____ STORED DATA

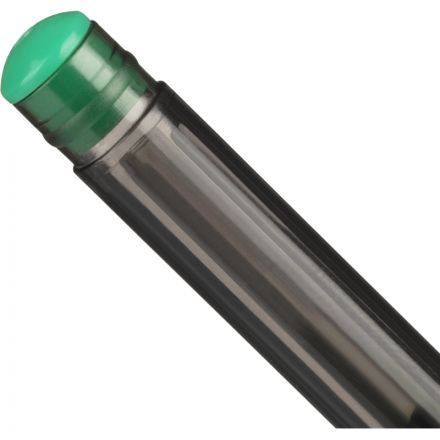 Ручка гелевая неавтомат. Attache Epic,цвет чернил-зеленый,манж Ручка гелевая неавтомат. Attache Epic,цвет чернил-зеленый,манж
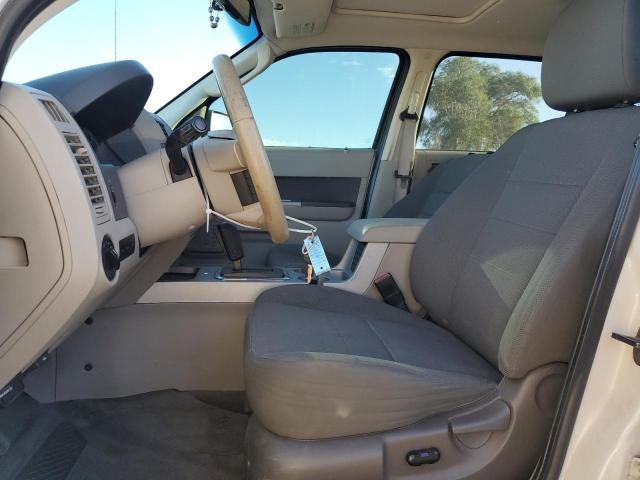 Photo 7 from auction – 2009 FORD ESCAPE XLT with VIN 1FMCU93G79KA53564
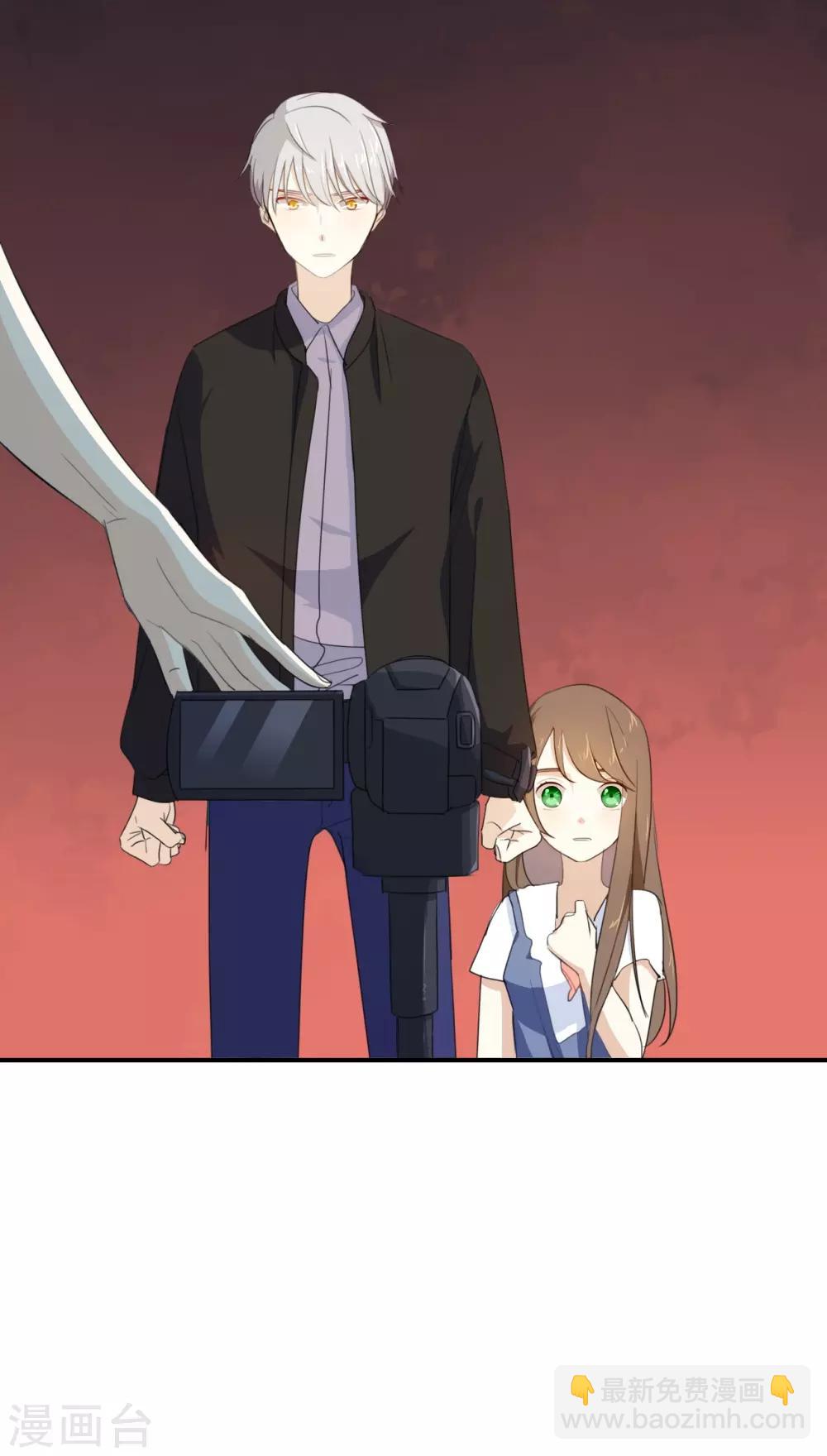 第43话 关我什么事?-第43话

________

Word-for-word transcription: the whole listing, with images excluded.

 Ручка гелевая неавтомат. Attache Epic,цвет чернил-зеленый,манж Ручка гелевая неавтомат. Attache Epic,цвет чернил-зеленый,манж
 Photo 7 from auction – 2009 FORD ESCAPE XLT with VIN 1FMCU93G79KA53564
 第43话 关我什么事?-第43话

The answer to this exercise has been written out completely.